Latest news about Bitcoin and all cryptocurrencies. Your daily crypto news habit.
Bitcoin
The one and only, the first and most famous cryptocurrency. Bitcoin serves as a digital gold standard in the whole cryptocurrency-industry, is used as a global means of payment and is the de-facto currency of cyber-crime like darknet markets or ransomware. After seven years in existence, Bitcoin‘s price has increased from zero to more than 650 Dollar, and its transaction volume reached more than 200.000 daily transactions.
There is not much more to say: Bitcoin is here to stay.
Ethereum
The brainchild of young crypto-genius Vitalik Buterin has ascended to the second place in the hierarchy of cryptocurrencies. Other than Bitcoin its blockchain does not only validate a set of accounts and balances but of so-called states. This means that Ethereum can not only process transactions but complex contracts and programs.

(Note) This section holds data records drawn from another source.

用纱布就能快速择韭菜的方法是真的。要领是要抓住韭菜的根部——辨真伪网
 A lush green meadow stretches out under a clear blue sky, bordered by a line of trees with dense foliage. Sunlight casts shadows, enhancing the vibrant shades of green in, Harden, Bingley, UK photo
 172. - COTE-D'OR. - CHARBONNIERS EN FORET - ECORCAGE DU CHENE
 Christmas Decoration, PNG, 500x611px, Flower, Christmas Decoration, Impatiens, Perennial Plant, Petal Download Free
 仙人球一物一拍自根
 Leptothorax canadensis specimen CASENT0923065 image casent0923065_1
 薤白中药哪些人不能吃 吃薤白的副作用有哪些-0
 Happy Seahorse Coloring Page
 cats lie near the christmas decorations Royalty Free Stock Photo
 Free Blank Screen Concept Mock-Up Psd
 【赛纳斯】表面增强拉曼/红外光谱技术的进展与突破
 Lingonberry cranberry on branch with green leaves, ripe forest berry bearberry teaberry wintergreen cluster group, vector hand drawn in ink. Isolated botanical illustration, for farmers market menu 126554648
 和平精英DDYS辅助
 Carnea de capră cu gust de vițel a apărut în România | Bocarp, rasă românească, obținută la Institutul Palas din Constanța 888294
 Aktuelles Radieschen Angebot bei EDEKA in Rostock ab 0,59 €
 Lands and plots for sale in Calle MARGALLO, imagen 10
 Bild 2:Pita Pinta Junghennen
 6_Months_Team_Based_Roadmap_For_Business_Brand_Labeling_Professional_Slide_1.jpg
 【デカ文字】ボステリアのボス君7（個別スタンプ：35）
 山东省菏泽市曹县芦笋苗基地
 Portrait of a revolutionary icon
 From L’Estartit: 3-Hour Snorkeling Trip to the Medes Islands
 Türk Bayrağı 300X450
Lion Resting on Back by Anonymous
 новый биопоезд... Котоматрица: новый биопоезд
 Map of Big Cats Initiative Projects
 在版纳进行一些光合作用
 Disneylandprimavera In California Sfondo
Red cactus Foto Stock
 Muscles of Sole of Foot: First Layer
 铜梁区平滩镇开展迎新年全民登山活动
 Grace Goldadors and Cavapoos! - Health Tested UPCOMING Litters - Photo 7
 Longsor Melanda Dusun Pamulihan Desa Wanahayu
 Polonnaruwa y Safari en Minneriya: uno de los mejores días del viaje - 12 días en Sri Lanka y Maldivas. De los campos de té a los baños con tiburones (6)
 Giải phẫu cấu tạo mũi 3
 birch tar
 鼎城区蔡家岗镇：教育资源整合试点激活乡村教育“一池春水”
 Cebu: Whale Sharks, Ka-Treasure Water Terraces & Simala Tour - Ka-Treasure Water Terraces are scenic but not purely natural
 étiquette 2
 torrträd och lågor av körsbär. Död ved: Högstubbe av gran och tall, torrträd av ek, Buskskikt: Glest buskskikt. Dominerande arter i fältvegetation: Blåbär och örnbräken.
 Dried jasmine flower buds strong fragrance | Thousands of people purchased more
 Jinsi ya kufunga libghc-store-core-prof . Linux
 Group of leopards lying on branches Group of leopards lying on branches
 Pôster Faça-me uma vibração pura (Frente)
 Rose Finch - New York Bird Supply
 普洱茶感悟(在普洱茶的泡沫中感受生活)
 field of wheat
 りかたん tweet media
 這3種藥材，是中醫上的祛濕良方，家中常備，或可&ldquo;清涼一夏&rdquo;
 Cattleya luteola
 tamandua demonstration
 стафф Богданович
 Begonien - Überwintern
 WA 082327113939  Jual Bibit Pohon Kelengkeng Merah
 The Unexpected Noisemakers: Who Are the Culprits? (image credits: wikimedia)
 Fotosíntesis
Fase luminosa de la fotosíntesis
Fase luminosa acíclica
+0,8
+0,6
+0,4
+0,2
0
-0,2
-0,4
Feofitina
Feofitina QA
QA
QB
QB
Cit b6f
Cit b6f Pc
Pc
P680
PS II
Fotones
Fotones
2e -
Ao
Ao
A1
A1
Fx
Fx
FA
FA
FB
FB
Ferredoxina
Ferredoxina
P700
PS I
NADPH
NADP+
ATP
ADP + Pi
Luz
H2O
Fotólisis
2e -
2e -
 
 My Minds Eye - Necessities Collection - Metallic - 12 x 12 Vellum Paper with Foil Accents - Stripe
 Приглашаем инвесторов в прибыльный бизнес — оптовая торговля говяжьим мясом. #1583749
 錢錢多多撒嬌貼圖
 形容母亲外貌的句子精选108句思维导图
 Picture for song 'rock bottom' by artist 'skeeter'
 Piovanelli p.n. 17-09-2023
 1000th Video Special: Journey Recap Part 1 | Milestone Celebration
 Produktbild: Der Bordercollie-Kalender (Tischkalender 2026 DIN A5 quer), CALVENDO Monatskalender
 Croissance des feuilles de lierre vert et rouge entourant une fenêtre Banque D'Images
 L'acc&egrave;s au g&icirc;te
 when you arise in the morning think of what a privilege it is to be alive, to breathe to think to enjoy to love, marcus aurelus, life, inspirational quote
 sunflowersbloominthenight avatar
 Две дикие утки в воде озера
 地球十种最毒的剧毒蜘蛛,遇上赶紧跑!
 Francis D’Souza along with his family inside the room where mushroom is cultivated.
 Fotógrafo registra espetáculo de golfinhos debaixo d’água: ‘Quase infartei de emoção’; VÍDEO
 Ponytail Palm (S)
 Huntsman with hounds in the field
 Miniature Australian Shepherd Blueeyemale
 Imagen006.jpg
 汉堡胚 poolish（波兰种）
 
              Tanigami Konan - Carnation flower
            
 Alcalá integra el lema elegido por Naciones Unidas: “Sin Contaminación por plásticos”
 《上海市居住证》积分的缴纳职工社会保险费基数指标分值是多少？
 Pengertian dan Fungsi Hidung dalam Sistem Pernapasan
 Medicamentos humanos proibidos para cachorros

This flexibility makes Ethereum the perfect instrument for blockchain -application. But it comes at a cost. After the Hack of the DAO — an Ethereum based smart contract — the developers decided to do a hard fork without consensus, which resulted in the emerge of Ethereum Classics. Besides this, there are several clones of Ethereum, and Ethereum itself is a host of several tokens like DigixDAO and Augur. This makes Ethereum more a family of cryptocurrencies than a single currency.
Ripple
Maybe the less popular — or most hated — project in the cryptocurrency community is Ripple. While Ripple has a native cryptocurrency — XRP — it is more about a network to process IOUs than the cryptocurrency itself. XRP, the currency, doesn‘t serve as a medium to store and exchange value, but more as a token to protect the network against spam.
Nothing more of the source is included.